Quiet (wo)man


Firstly, happy Christmas to Neo – and you all. He’s left me in charge until he returns. Christmas is a quiet time, a family time, and hopefully I can’t kill the blog in a few days. Bear with me, it’s a bit of time since I blogged, and there will be some rust and creakiness.

I was sad to read that Maureen O’Hara (pictured) died. She was a fine actress, unafraid to talk about her Catholic faith, and a true giant of the silver screen. Because my father was 49 when I was born, my taste in movies tends to be his, and above all actors, he loved John Wayne, and I have to admit he was my first (and longest-lasting) crush. I remember watching The Quiet Man for the first time, and as little girls will, imagined myself the heroine – Mary Kate; that I am a red-head with a bit of a temper made that easier. I felt so cross with the Irish system which meant that she and John Wayne couldn’t play ‘patty-cakes’ without a chaperone, and quite indignant when she was silly enough to reject him; my daddy said I got very cross. I still recall the way I felt when John Wayne grabbed her in the cottage she’d crept in to clean for him; I didn’t understand it then, but later realised it was the way a woman feels when there is a strong man she can trust.
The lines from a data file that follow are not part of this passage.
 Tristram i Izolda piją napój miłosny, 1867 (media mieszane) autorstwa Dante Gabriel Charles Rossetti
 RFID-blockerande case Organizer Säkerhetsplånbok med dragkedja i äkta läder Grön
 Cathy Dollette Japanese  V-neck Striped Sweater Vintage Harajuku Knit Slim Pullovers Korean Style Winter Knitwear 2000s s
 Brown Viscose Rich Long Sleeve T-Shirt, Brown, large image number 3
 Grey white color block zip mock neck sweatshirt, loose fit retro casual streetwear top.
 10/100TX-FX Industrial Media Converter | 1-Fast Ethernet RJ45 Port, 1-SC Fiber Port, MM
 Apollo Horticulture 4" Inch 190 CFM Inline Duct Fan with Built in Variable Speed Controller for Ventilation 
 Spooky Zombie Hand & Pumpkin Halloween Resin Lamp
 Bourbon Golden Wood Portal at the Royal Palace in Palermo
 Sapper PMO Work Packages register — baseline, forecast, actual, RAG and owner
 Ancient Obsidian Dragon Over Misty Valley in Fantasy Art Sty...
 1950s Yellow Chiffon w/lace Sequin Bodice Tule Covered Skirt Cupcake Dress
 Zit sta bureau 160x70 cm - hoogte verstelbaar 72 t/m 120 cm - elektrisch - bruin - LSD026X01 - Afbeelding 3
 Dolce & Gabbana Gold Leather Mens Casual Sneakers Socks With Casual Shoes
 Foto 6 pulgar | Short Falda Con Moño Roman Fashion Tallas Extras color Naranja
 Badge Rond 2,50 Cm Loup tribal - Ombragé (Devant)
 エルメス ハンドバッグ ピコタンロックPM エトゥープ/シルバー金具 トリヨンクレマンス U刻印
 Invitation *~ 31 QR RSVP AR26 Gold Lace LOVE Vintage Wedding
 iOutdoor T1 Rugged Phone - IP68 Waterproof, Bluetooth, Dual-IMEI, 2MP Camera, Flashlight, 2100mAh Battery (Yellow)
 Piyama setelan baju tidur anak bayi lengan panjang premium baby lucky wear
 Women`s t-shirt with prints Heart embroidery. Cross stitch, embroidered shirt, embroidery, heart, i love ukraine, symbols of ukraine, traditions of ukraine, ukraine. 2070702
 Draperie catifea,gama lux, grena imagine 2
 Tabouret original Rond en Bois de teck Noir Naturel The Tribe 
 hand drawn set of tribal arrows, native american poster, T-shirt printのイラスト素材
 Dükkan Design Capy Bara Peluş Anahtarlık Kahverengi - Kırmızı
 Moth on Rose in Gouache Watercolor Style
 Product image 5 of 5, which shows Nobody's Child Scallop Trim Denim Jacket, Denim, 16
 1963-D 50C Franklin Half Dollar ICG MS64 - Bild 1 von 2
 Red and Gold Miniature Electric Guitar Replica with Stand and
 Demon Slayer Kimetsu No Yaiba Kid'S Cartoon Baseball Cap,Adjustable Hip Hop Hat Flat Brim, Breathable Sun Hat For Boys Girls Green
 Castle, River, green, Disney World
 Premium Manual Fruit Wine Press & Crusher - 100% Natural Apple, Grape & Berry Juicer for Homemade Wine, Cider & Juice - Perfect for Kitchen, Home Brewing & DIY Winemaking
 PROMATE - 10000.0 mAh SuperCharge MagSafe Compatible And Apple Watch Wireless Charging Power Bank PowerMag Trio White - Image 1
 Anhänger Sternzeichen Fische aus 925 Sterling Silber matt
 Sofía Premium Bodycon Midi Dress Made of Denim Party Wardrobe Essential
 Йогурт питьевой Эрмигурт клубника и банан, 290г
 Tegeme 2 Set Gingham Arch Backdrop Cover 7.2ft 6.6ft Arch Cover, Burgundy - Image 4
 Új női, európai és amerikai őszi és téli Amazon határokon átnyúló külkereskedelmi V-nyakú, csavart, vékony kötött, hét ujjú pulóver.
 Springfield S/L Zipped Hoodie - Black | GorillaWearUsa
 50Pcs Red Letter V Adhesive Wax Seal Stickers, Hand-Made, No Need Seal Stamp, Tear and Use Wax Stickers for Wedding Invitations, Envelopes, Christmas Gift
There’s altogether too much written on male-female relationships implying that women should be the equal of men. I never understood why anyone would want to aim low!  Of course I want, as every woman wants, to be treated with respect, and if I do the work a guy does, it is right to pay me the same wage. But I don’t want a guy in a pinny doing the dishes, and I don’t want a guy who can’t fix whatever it is went wrong in the house; and I most emphatically don’t want someone to treat me as though I was a man!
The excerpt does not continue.